- _What to do_: Excluding pictures, reproduce word for word the lines from the one containing "Minky Fleece *Marie* - red" through the end of the material below.

- _Material provided_:
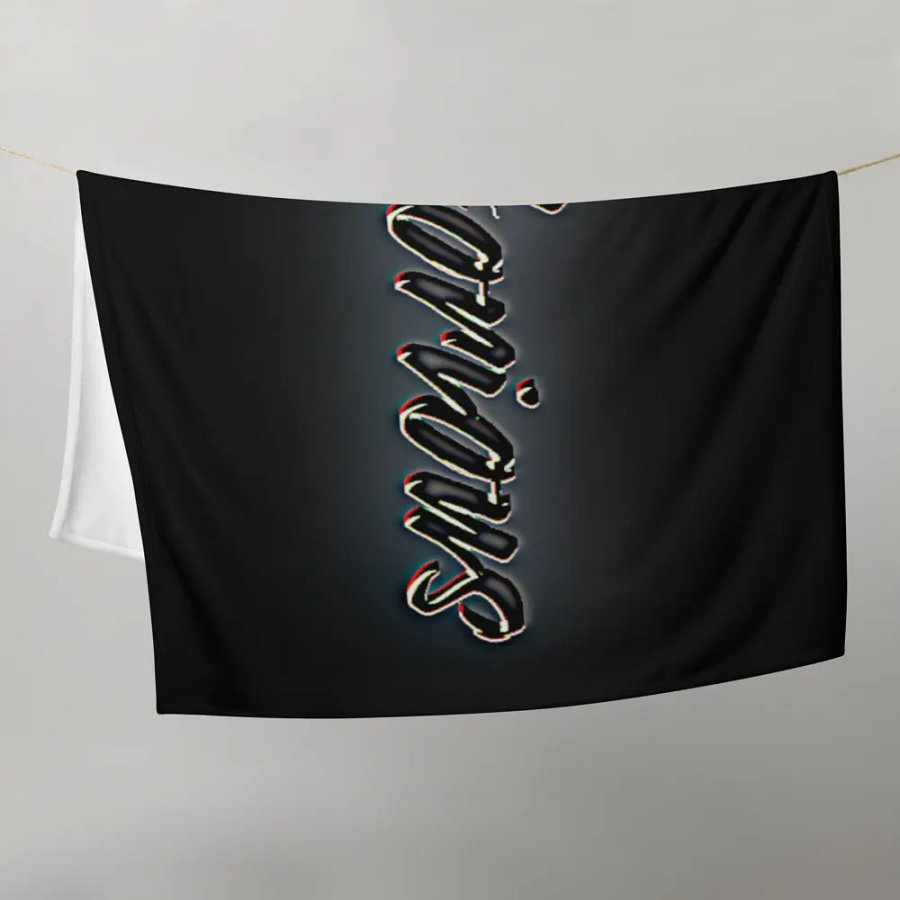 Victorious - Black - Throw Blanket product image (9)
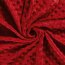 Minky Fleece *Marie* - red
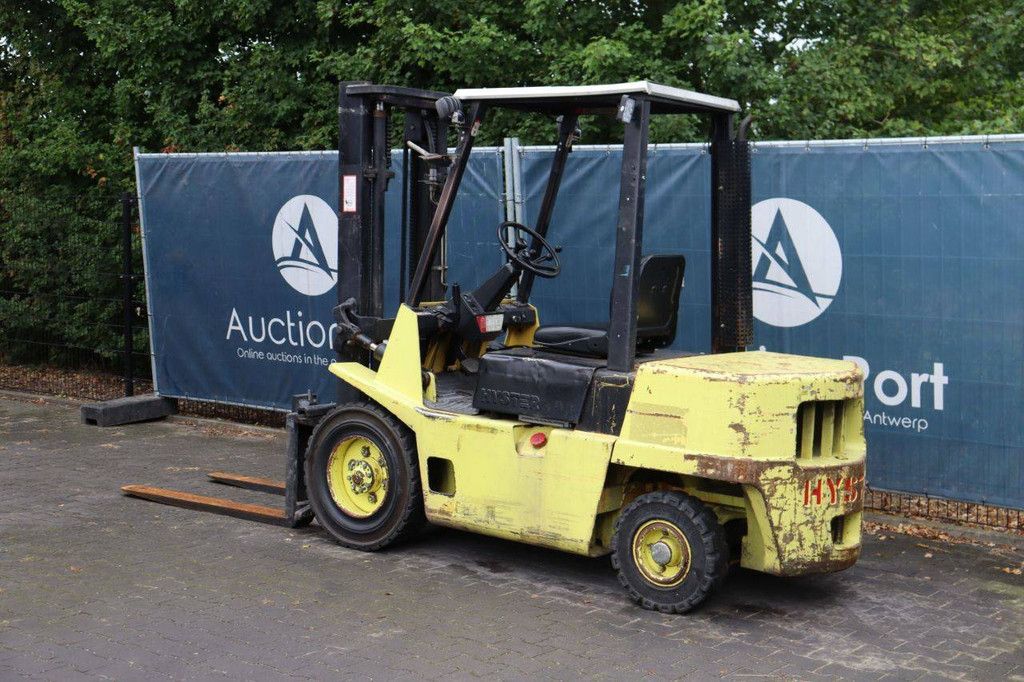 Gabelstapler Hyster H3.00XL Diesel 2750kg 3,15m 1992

- _Written solution_:
 Minky Fleece *Marie* - red
 Gabelstapler Hyster H3.00XL Diesel 2750kg 3,15m 1992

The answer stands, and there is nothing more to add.